Recently, Twitter announced a series of new restrictions on how third party services can display tweets to users. Among other things, the display restrictions would make it impossible to continue to make people's tweets searchable, or link them to associated bookmarks in their Pinboard account.
On August 17, I sent an email to Michael Sippey at Twitter, asking him to clarify Twitter's position on archiving:
Hi Michael,
I read your recent blog post with interest, and hope you can clarify the role of personal archives under the new API rules.
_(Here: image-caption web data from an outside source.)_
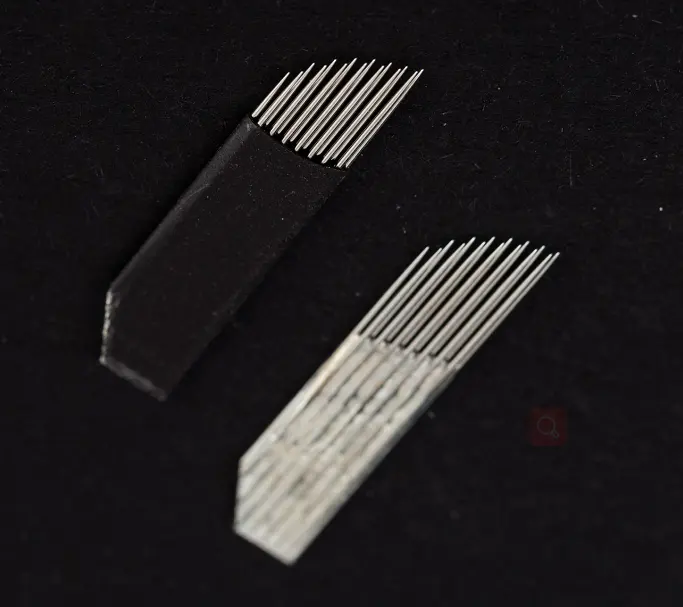 OEM Đôi Hàng Ba 28/36Pins Bán Nano Microblading Tattoo Needles Lip Lông Mày Microblading Kim Lưỡi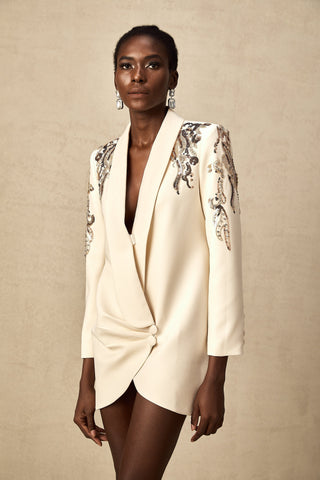Éléna Sequined Wrap Blazer Dress — Neutral
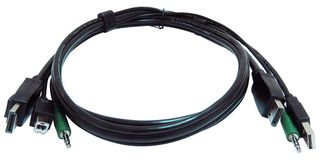 BLACK BOX SKVMCBL-DP-06TAA Computer Cable, DisplayPort, USB Type A, 3.5mm Audio, DisplayPort, USB Type B, 3.5mm Audio, 6 ft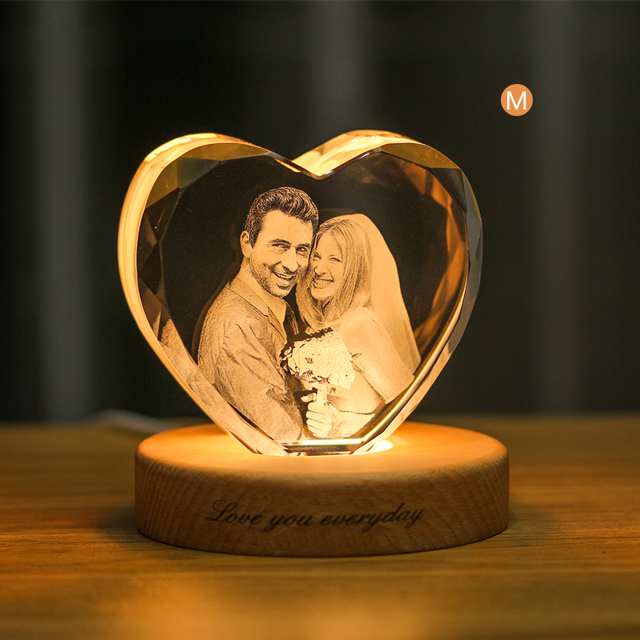 Picture of Custom Photo 3D Laser Crystal: Heart | Personalized 3D Photo Laser Crystal | Unique Gift for Birthday Wedding Christmas etc.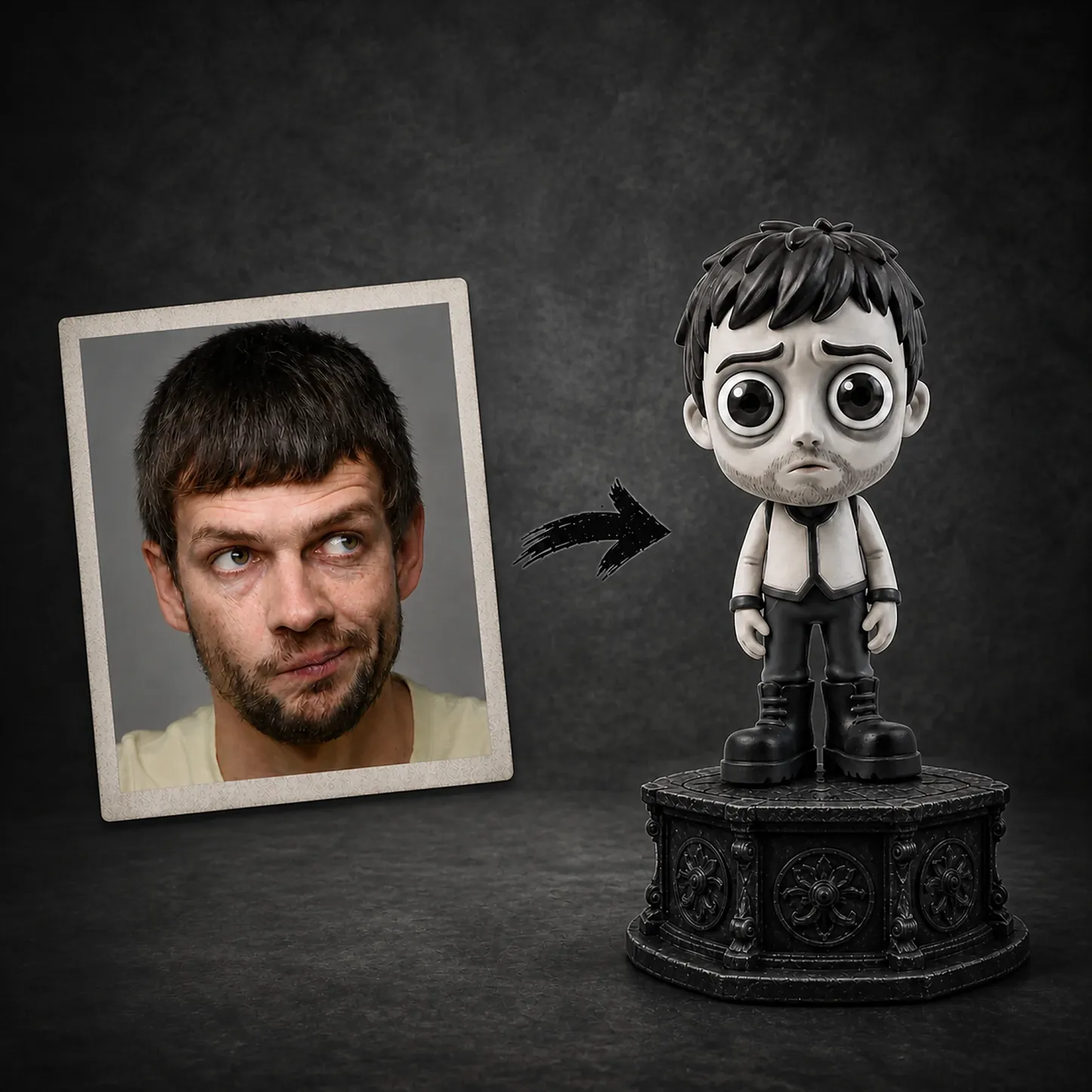 Custom Dark Gothic Figurine – Personalized 3D Avatar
For context, Pinboard offers a Twitter archiving service. Users connect their accounts via OAuth and the site downloads and archives their tweets, along with associated bookmarks. These tweets are viewable and searchable on the site, but are only visible to the owner of the account.
Is it Twitter's policy that the tweet display rules be enforced when people are interacting with their own archived Twitter data, in a private client?
I am still waiting for a reply.
My position is straightforward. I believe users have the right to retrieve their own data from any third-party service for the purposes of personal archiving. I believe that they have the right to view and interact with this data without restriction, as long as that view is private to them. For this reason, I don't intend to restrict Pinboard users' ability to manage their archived tweets.
But I also think it's a little early to hoist the black flag. To me, the most plausible theory is that Twitter just didn't think about third-party backup when drafting the new document.
I am optimistic that Twitter will clarify their terms of service with regard to personal backups. In 2012, it remains impossible for a Twitter user to do a full export from their Twitter account. The only way to effectively store and search tweets is through third-party sites.
I don't believe Twitter wants to have the kind of adversarial relationship with their users that a literal reading of their new terms of service would imply, and I look forward to a constructive conversation about it with them.
—maciej on September 28, 2012
I've added tag bundles as an experimental feature. 'Experimental' means I'm going to futz with it without warning, and change the part you like best. Caveat bundlor!
A bundle is a named collection of tags. Say you have a bunch of bookmarks tagged orange, apple, and banana. You can create a bundle called fruit and have it display all bookmarks that have one of those three tags.
Bundles are most useful to people who have highly structured tags, or huge numbers of tags. But they're also handy for creating little thematic collections without having to edit lots of bookmarks at a time.
Here's a screenshot of the bundle editor:
The editor lets you filter tags by prefix, view only unbundled tags, and move tags in and out of a bundle either using the keyboard or by clicking with the mouse. There's no provision right now for seeing or filtering by a list of bundles within the editor, but part of my futzing is coming up with a version of the UI that can do that cleanly.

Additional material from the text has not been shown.